Why they are a problem

Cost transfers most often represent error corrections that are needed to move an expense to its appropriate funding source. An auditor or sponsor may raise the question of why the mistakes are happening in the first place, which speaks to our internal controls and grants management processes. Cost transfers will usually impact invoicing – crediting an award previously billed and debiting an award that has been under-billed. This may raise questions by the sponsor such as “why is this month’s invoice so high” or “why is there no invoice this month?” Also, financial reports which have already been filed with the sponsor may require revision, which adds administrative burden and again does not reflect well on our controls and processes.

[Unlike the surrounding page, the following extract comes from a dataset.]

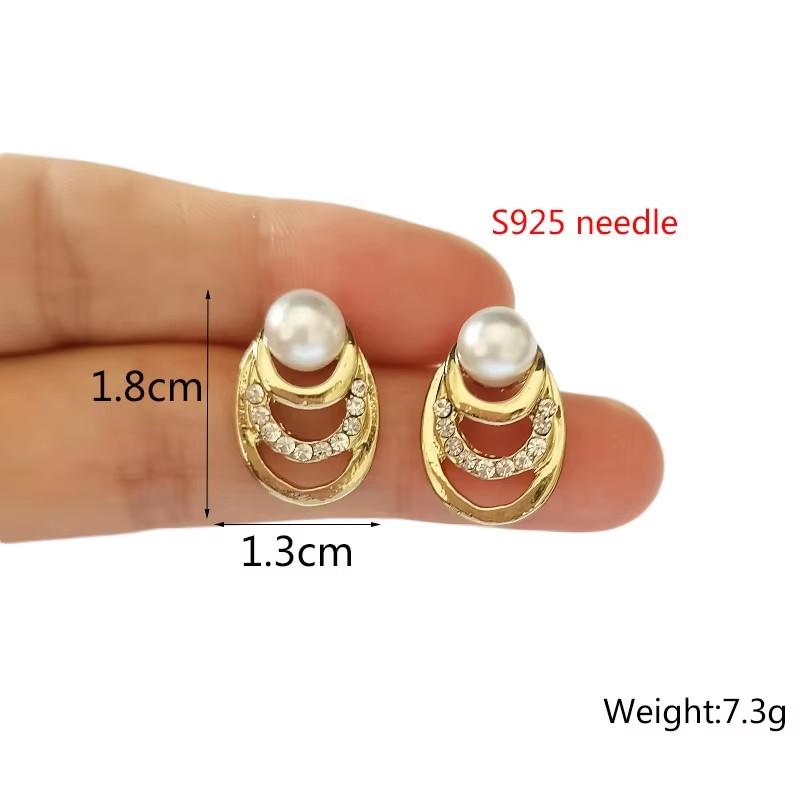 Simulated Pearl Women Dangle Earrings Korean Elegant Crystal Wedding Jewelry Party Gifts Boucles D'oreilles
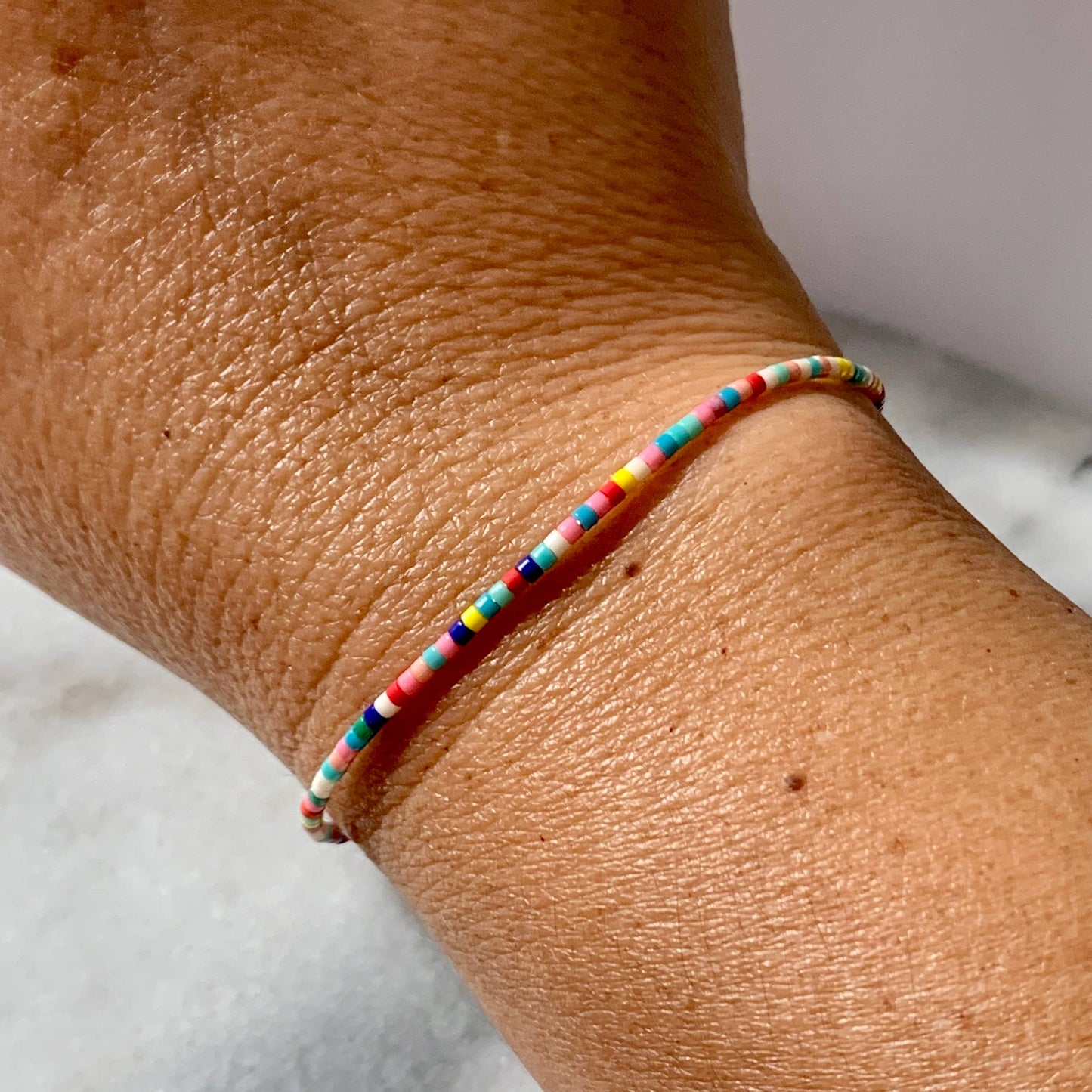 Adjustable Seed Bead String Bracelets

Steps toward avoiding cost transfers

It is worth noting that cost transfers are allowable when necessary, as expenditures should never remain on an inappropriate funding source. But, cost transfers SHOULD NOT be used as a mechanism to manage an award. The following actions should be taken to avoid cost transfers:

  • Actively manage and monitor your awards every month during the period of performance, just as you would your credit cards, bank accounts, and investment accounts.
  • Grant administrators and principal investigators should communicate/meet on regular basis. Monthly is ideal, but at a minimum, quarterly.
  • Salary distribution planning should occur in advance, before salary charges hit the ledger. Ensure newly hired employees are in the correct position and the position is funded correctly.
  • Review encumbrances/obligations and submit/approve change position funding (CPF) transactions prior to payroll processing to avoid the need for an EDR salary cost transfer.
  • Encourage employees to review EWAF (Electronic Workload Assignment Form) reports and communicate any necessary changes timely (before payroll for the pay period is processed).
  • Review purchases and expense reports thoroughly in the requisition stage before approval (looking for the correct grant line and assessing budget and allowability) will eliminate most accounting adjustments.
  • Review the following reports regularly for your awards:
    • Sponsored Award Budget and Expense Report (SABER) - displays award details at a high level, along with providing detailed transaction drill down functionality at the grant level.
    • Employee Cost Detail report - displays employee/position funding for the fiscal year.
    • Project Cost Detail report – displays all employees/positions with salary, fringe, and tuition allocated to a driver worktag.
    • Ad Hoc Salary Details (lite) report – can be run by cost center, driver worktag, award number. Can be run for one employee or multiple employees at a time.